Germany, Netherlands and Belgium in joint bid for 2027 Women's World Cup
Germany, the Netherlands and Belgium have today revealed plans for a joint bid to host soccer's 2027 Fifa Women’s World Cup.
The national soccer associations of the three countries (DFB, KNVB and RBFA) said that they have informed Fifa of their intention to bid, and that a formal agreement, and more documentation, will be in place by the end of 2020.
Negotiations with the respective governments and proposed host cities will then be carried out.
Fifa has not yet set deadlines or dates for the bidding process.
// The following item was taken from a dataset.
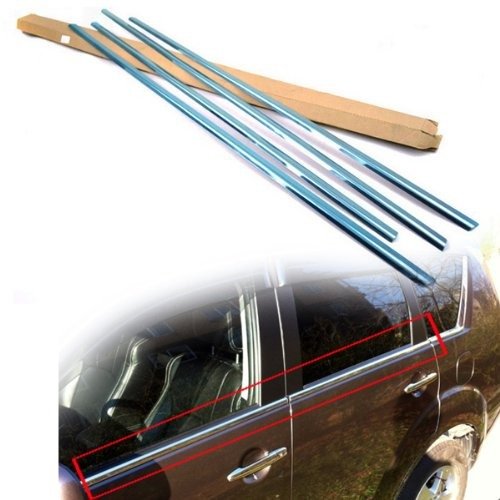 Car Auto Parts Shiny Chrome Stainless Steel Window Molding Trim Strip Line Exterior Kit For 2007 2008 2009 2010 2011 2012 Mitsubishi Outlander EX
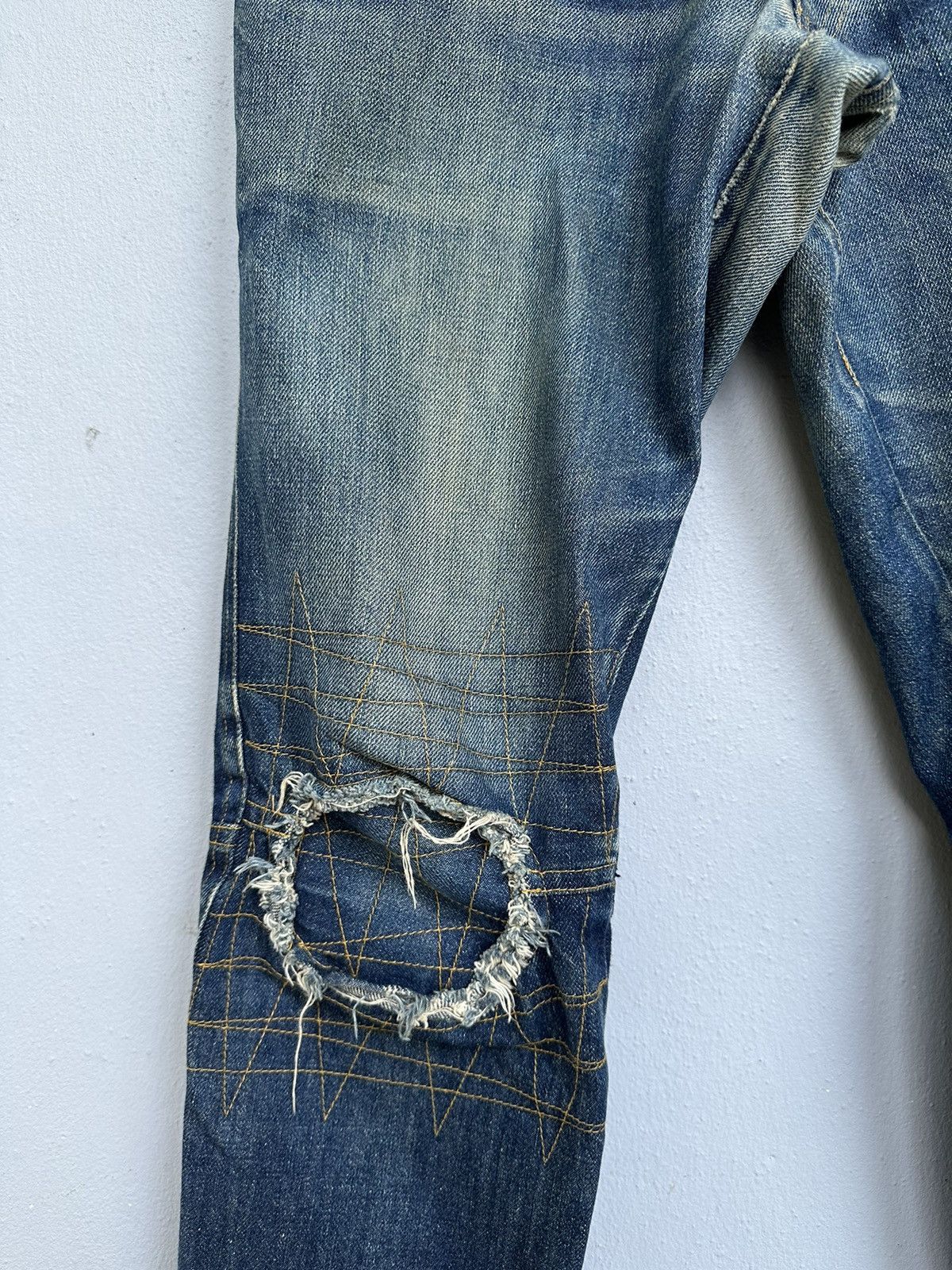 Christopher Nemeth Vintage Nemeth Distressed Biker Jeans Size US 31 - 7 Thumbnail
The Netherlands hosted the most recent Uefa European Women’s Championship in 2017, and Germany staged the Women's World Cup in 2011, but Belgium has never held a major women's tournament.
Germany has already been chosen as the host of the men's European Championships in 2024, while Amsterdam is one of the 12 host cities for Euro 2020, now postponed to 2021 because of the coronavirus pandemic.
The Netherlands had already announced its intention to bid for the 2027 Women's World Cup, back in 2018, with the plan receiving backing from the country's parliament.
In a joint statement, the governing bodies of Germany, the Netherlands and Belgium, said: "Women’s football in our countries is indeed in differing phases of development, but we share the aspiration to give the sport a boost nationally and globally by organising this World Cup.
“The fact that we are tackling this project together as three football competitors, and also good neighbours, ties in very well with this philosophy.”
Peter Bossaert, chief executive of the RBFA, added: “In recent years, with the European Championship in the Netherlands in 2017 and the World Cup in France in 2019, we have seen what such an event can bring - great matches, full stadiums, large numbers of TV viewers and visitors from all over the world.”
France hosted the last Women's World Cup, in the summer of 2019, and it was widely regarded as the most successful women's soccer event to date, attracting 1.2 million spectators from home and abroad.
Figures unveiled after the event also showed that 993.5 million people watched at least one minute of the coverage of France 2019 on linear television, an increase of 30 per cent on the 764 million for the previous World Cup in Canada in 2015.
The event also contributed €284 million ($318 million) to France’s GDP, resulting in a net capital gain of €108 million, according to a report commissioned by the French Football Federation and the local organising committee. The report found the average contribution to the French GDP per spectator was €142.
Last year, buoyed by the success of the 2019 Women's World Cup, Fifa pledged to double the $500 million it ploughed into women’s soccer between 2015 and 2018 for the present four-year cycle, and has insisted it remains committed to the investment despite the fallout from the pandemic.
In June this year, Australia and New Zealand were awarded hosting rights to the 2023 Women’s World Cup, after being chosen ahead of a rival bid from Colombia.
Brazil and Japan were the other candidates but withdrew before this week's voting, while South Africa, Argentina and South Korea declined to follow up initial interest with formal bids.
The 2023 Women's World Cup will be the first to feature 32 teams, up from 24 in 2019, when USA were crowned champions for a record fourth time.